- Directed by: Nikolay Akimov Nadezhda Kosheverova
- Written by: Moses Magid Lev Sokolsky
- Produced by: Mikhail Gendenshteyn
- Starring: Valentin Lebedev Vladimir Petrov Galina Korotkevich
- Cinematography: Moses Magid Lev Sokolsky
- Music by: Dmitry Tolstoy
- Production company: Lenfilm Studio
- Release date: 1953;
- Running time: 105 minutes
- Country: Soviet Union
- Language: Russian

= Shadows (1953 film) =

Shadows (Тени) is a 1953 Soviet romantic drama film directed by Nikolay Akimov and Nadezhda Kosheverova and starring Valentin Lebedev, Vladimir Petrov and Galina Korotkevich. On the eponymous play by Saltykov-Shchedrin.

==Plot==
In the 1860s, from the province of St. Petersburg comes the liberal-minded young officer Bobyrev. He hopes under the protection of his schoolmate Klaverova, who became a general, to make a career.
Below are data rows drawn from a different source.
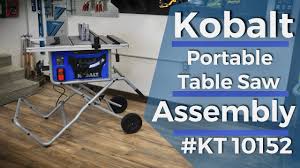 Kobalt Portable Table Saw Assembly Kt10152 Youtube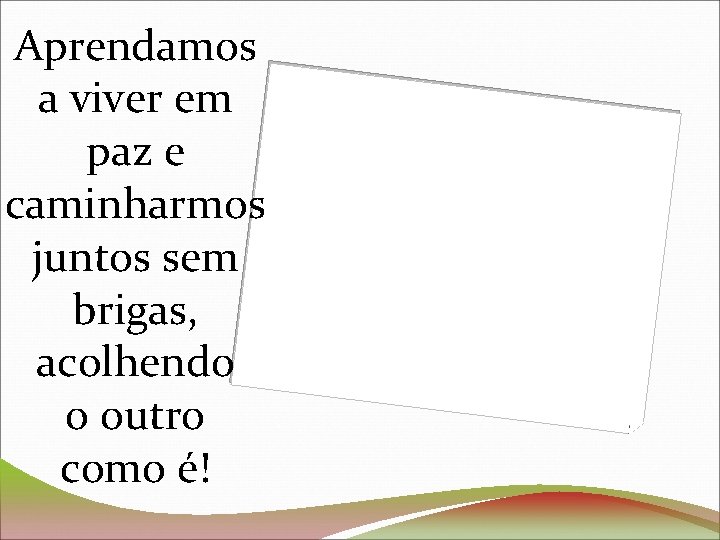 Aprendamos a viver em paz e caminharmos juntos sem brigas, acolhendo o outro como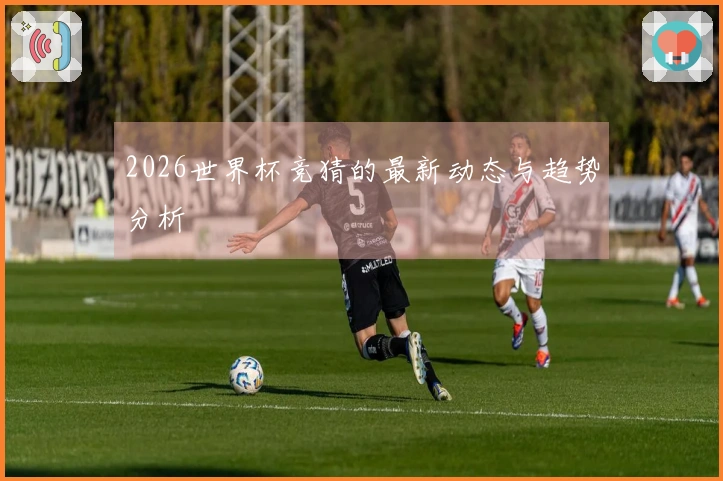 2026世界杯竞猜的最新动态与趋势分析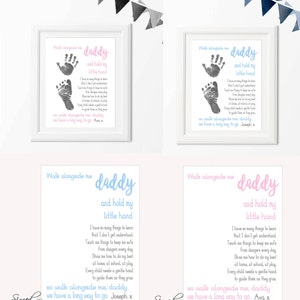 Personalised Father&#39;s Day Print - Walk Alongside Me Daddy Poem - Add Baby&#39;s Hand and Footprint- Father&#39;s Day Gift from Baby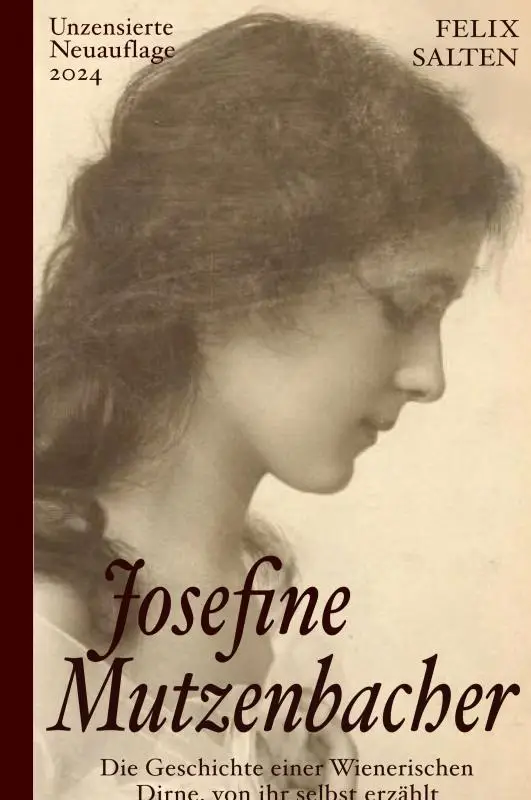 Josefine Mutzenbacher (Unzensierte Ausgabe)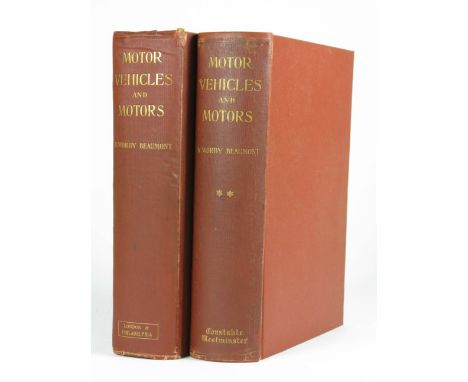 Motor Vehicles and Motors by Worby Beaumont. Two volumes, published in London by Archibald Constable & Company Ltd. 1902.  Vo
Gen. happily defines Bobyrev in his office, and already builds plans, both through the beautiful Sophia, wife Bobyrev will wage a successful struggle with opponents and influence voluptuous Minister Tarakanov.

==Cast==
- Valentin Lebedev as Pyotr Sergeich Klaverov
- Vladimir Petrov as Nikolay Dmitrich Bobyrev
- Galina Korotkevich as Sofya Aleksandrovna
- Vera Budreyko as Olga Dmitriyevna
- Yuri Bublikov as Pavel Nikolaich Naboykin
- Anatoli Abramov as Ivan Mikheich Svistikov
- Aleksandr Gyultsen as Young Tarakanov
- Ovsey Kagan as Savva Semyonych Obtyazhnov
- Dmitry Bessonov as Kamarzhintsev
- Evgeniy Gvozdev as Narukavnikov
- Vladimir Taskin as Tarakanov
- Aleksandr Estrin as Hairdresser
- Aleksey Rozanov as Courier
- Berta Vinogradova as Klara

== Bibliography ==
- Natalja Čemodanova & Alfred Krautz. International Directory of Cinematographers, Set-And Costume Designers in Film: Soviet Union. Saur, 1995.